Knowing Simon’s route home involved getting the 120 bus and then walking across the Rainbow Forge Primary School playing fields – where Wainwright himself had been a pupil – Wainwright drove to the bus stop and asked Simon to reopen the factory for him so he could get his wallet in order to go night-fishing.
No one knows the precise details of their conversation, but the prosecution in Wainwright’s trial said Simon refused because he wanted to go home.
A furious Wainwright, who had a long history of reacting with violence when circumstances went against him, then drove up to the primary school, circling around in his car to ensure it was a good place for the attack.
Simon had often spoken at work that he did not enjoy walking over the playing fields as the streetlights were often out.
That was the case that night and it was pitch black as Wainwright got out of his car and hid behind a hedgerow, waiting for Simon to arrive. At around 11.15pm, he struck Simon about the head several times with ‘extreme force’ with a blunt instrument, believed to be a section of metal bar he had taken from work some months before and kept in his car.
Simon suffered a fractured skull and wounds to the back of his head and died at the scene. His body was found by a member of the public the following morning.
Wainwright stole Simon’s gold chain from around his neck and took his mobile phone in the attack. Neither item has ever been recovered.
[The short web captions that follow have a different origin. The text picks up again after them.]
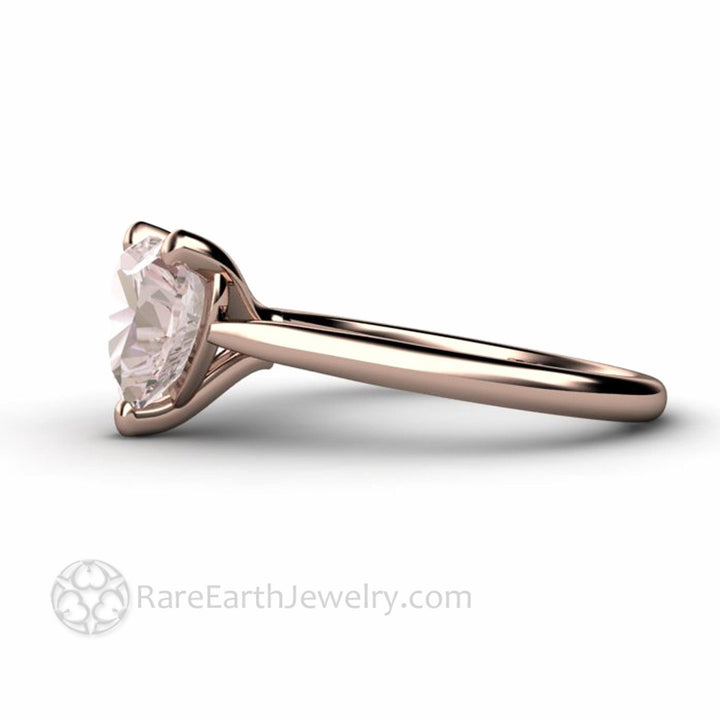 Morganite Ring Heart Cut Solitaire Engagement or Promise Ring, Rare Earth Jewelry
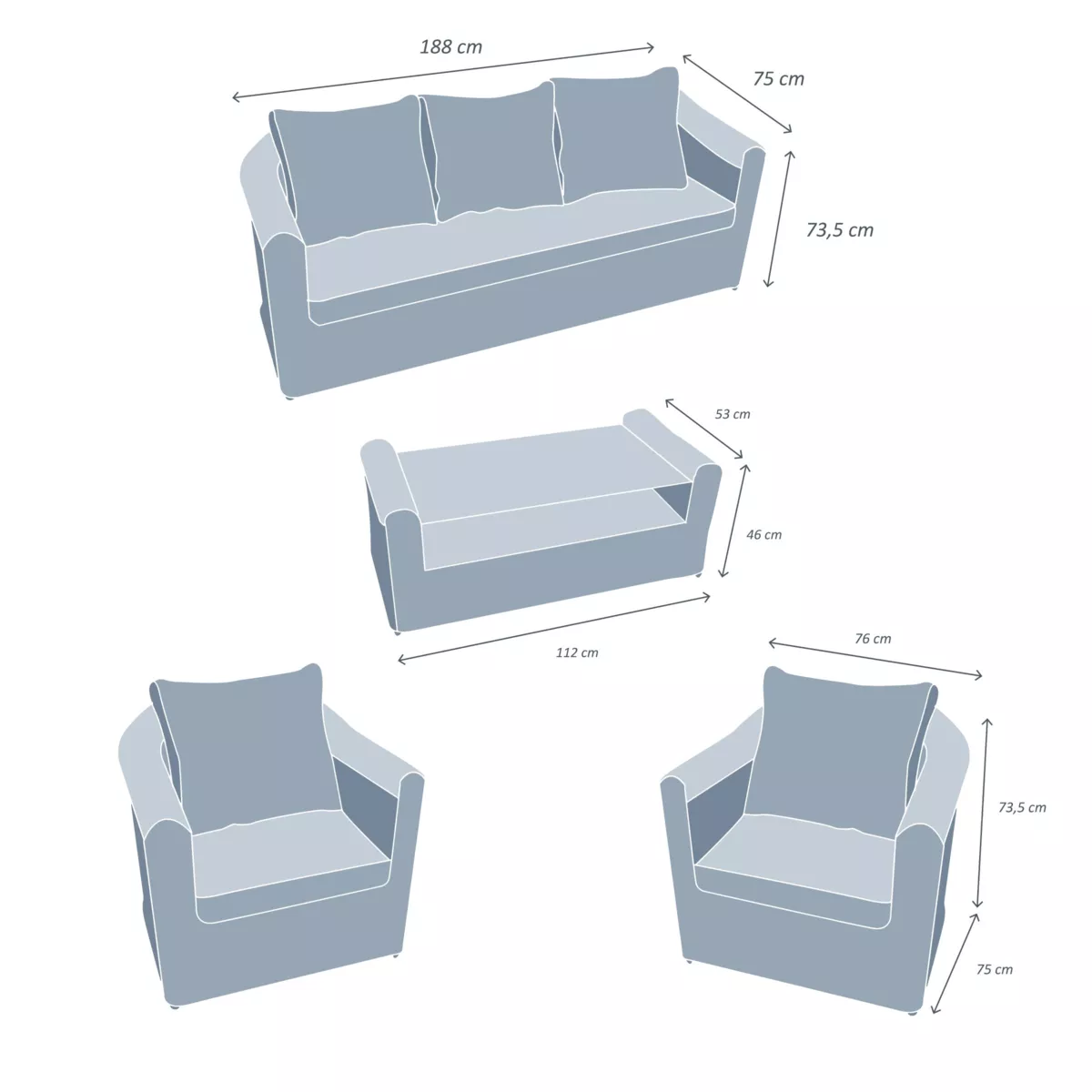 Salotto da giardino Calvi Tortora/Ecru - 5 posti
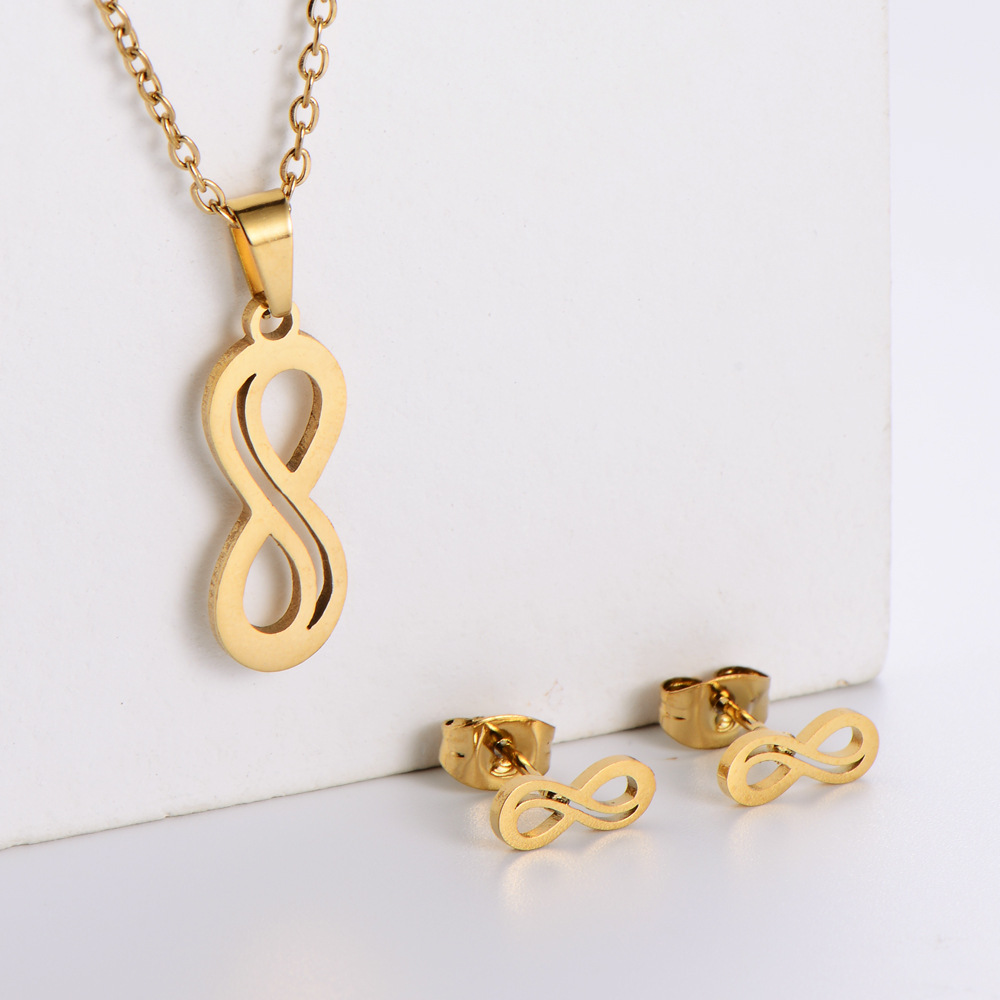 fashion titanium steel 8-shaped necklace earrings set wholesale Nihaojewelry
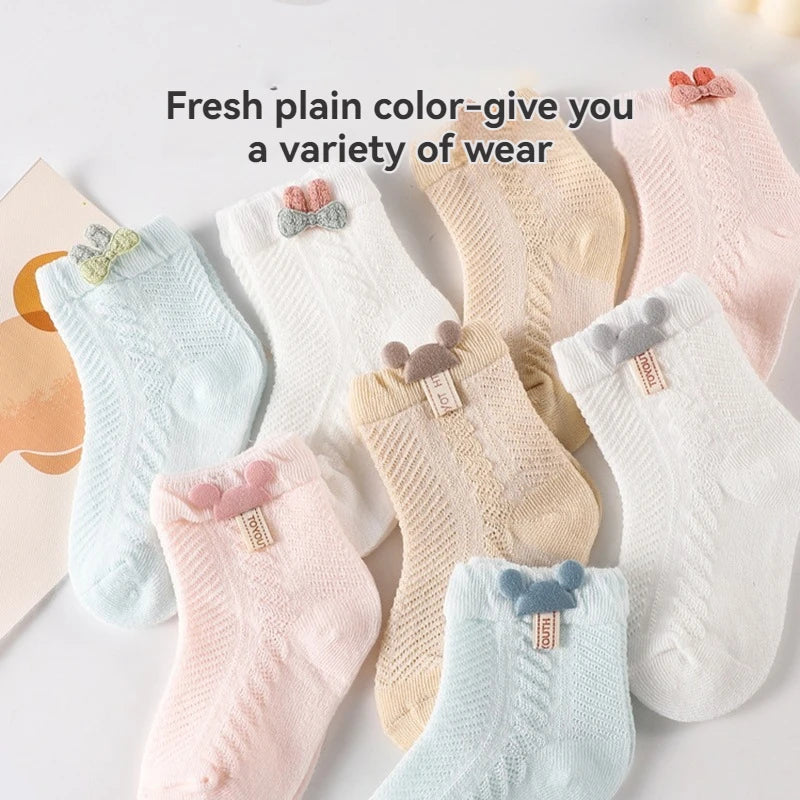 Cute Newborn Baby Summer Socks | Breathable Mid Tube Design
The killer drove home, captured arriving back at Dagnam Road, Arbourthorne, at 11.37pm by CCTV. He went to bed after re-watching part of his favourite film Deep Blue Sea, a movie about giant killer sharks.
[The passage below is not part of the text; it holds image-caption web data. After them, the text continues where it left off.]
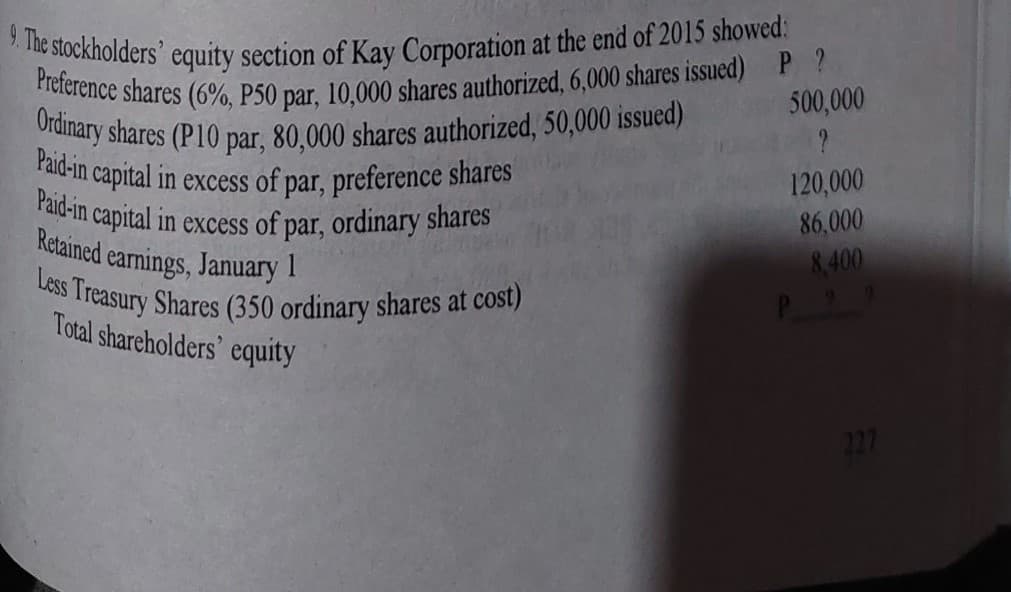 Preference shares (6%, P50 par, 10,000 shares authorized, 6,000 shares issued) P ?
9. The stockholders' equity section of Kay Corporation at the end of 2015 showed:
Paid-in capital in excess of par, ordinary shares
Less Treasury Shares (350 ordinary shares at cost)
Ordinary shares (P10 par, 80,000 shares authorized, 50,000 issued)
Paid-in capital in excess of par, preference shares
500,000
?
l in
120,000
Retained earnings, January 1
86,000
8,400
Total shareholders' equity
227
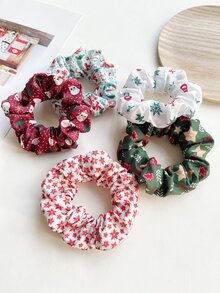 5pcs Christmas Themed Reindeer, Santa Claus And Christmas Tree Pattern Hair Ties - Multicolor - View 3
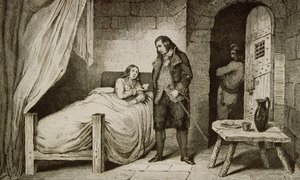 1840年頃に出版された、コラートの「フランスの歴史」からの、ルイ17世（1785-95年）の病気と投獄 作： French School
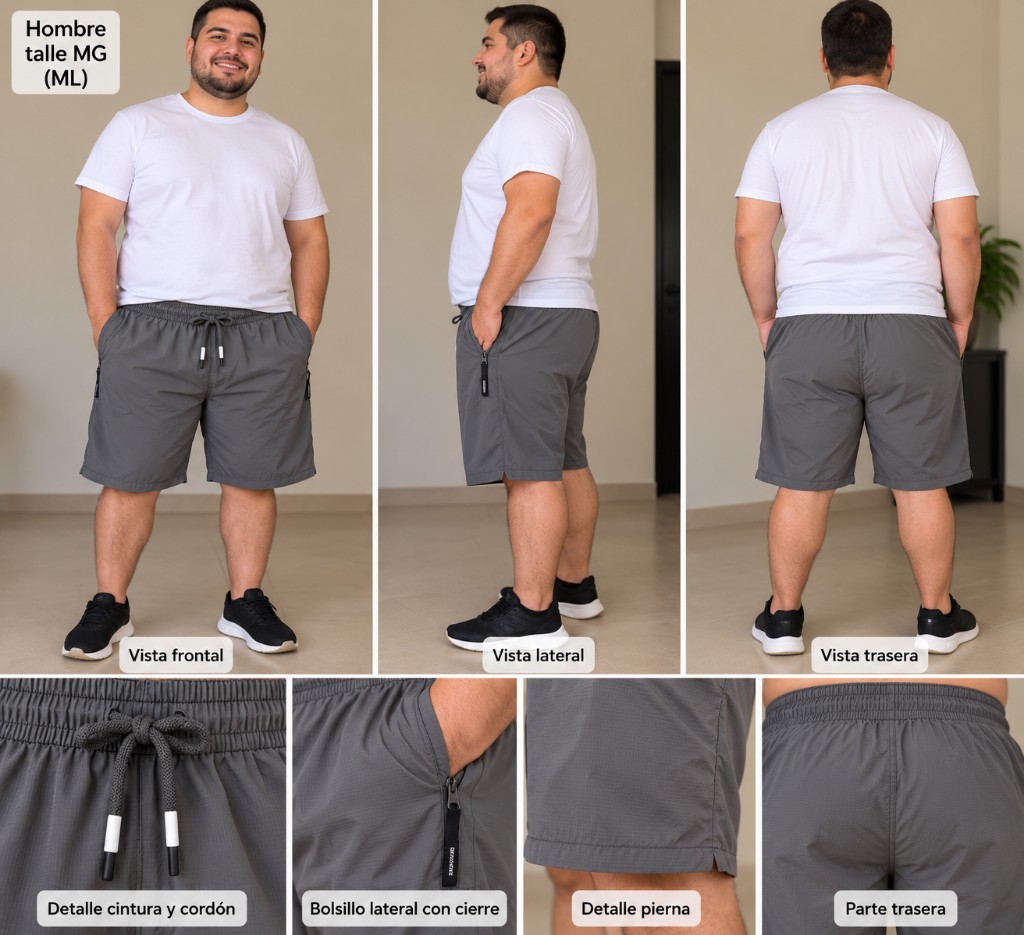 Bermuda hombre gris m/g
In the hours and days after the murder, Wainwright attempted to play the part of concerned and bereaved colleague – offering to visit the scene to find out information for fellow workers and even buying a wreath to lay at the playing fields.
He spoke of his bond with Simon and their shared love of football, as well as their plans to go fishing together.
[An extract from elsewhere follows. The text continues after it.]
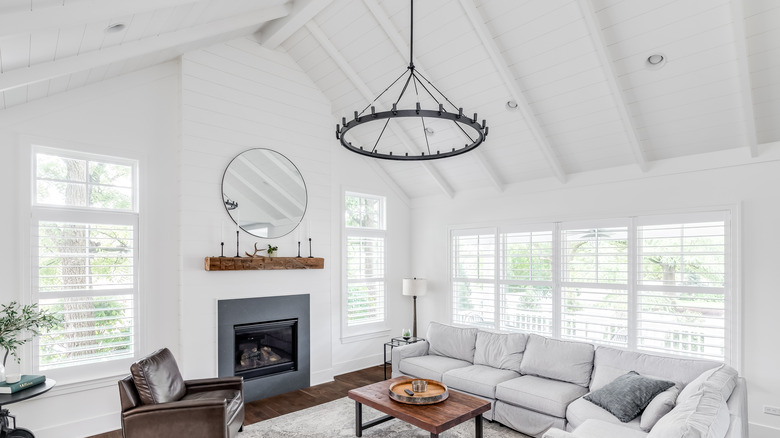 Room decorated with shiplap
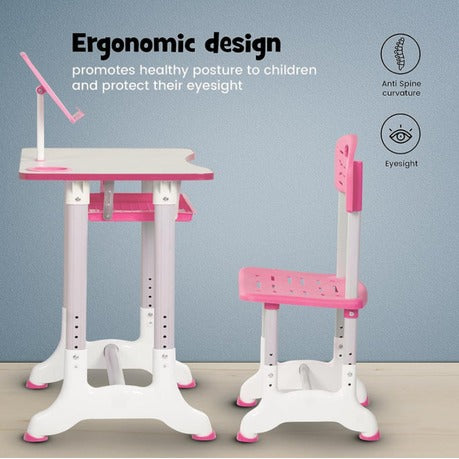 Study Desk and Chair Set Height Adjustable Children's Desk and Chair Set  Desktop with Reading Stand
But his odd behaviour soon led to police identifying him as the prime suspect.
In the days after the murder, Wainwright visited a number of pubs where he made a series of increasingly bizarre claims about Simon’s killing – including that the culprit was a gypsy and the attacker had used a Samurai sword.
But he also let slip to acquaintances details of the murder that only the killer could have known, including Simon’s gold chain and mobile phone being stolen.
Wainwright also made 14 visits to the murder scene and was seen by a police officer on one occasion crouching by a bush at 10pm the day after the killing.
A pair of gloves with Wainwright’s DNA were found some weeks later in the same bush.
On the day after the killing, Wainwright also visited UK Bullion on Ecclesall Road where he was caught on camera selling a piece of jewellery the prosecution said was Simon’s gold chain.
Wainwright claimed it was actually a bracelet he had bought from a ‘smackhead’ and he was not aware of the shop’s policy of melting down items within 24 hours.
When he first gave a witness statement to police on January 7 last year, Wainwright insisted he had driven straight home from work, getting home at 11.05pm.
After CCTV emerged of Wainwright’s car arriving home at 11.37pm – 42 minutes after he set off from work on a journey that normally lasts under 10 minutes, the killer initially insisted it was not his vehicle and not him seen on the footage going into his house.
He then gave ‘no comment’ interviews to police before claiming in his trial that during the missing minutes he had been parked on a side-road drinking lager and listening to music while thinking ‘sombre thoughts’ about his late partner Alison Platt, who had died of cancer five years before.
Wainwright said he had not told police about this as he only remembered it after being charged and was also concerned about being prosecuted for drink-driving.
But the police and prosecution were able to produce CCTV footage of the road, taken from the 120 bus on which Simon took his final journey, which clearly showed Wainwright’s car was not there.
Despite his story collapsing, Wainwright continued to insist during his trial that he was ‘very good friends’ with Simon and had nothing to do with the killing.
But a jury at Teesside Crown Court yesterday rejected his lies as he was finally found guilty of murder, 18 months after he senselessly killed Simon in ‘revenge’ for a minor disagreement about a forgotten wallet.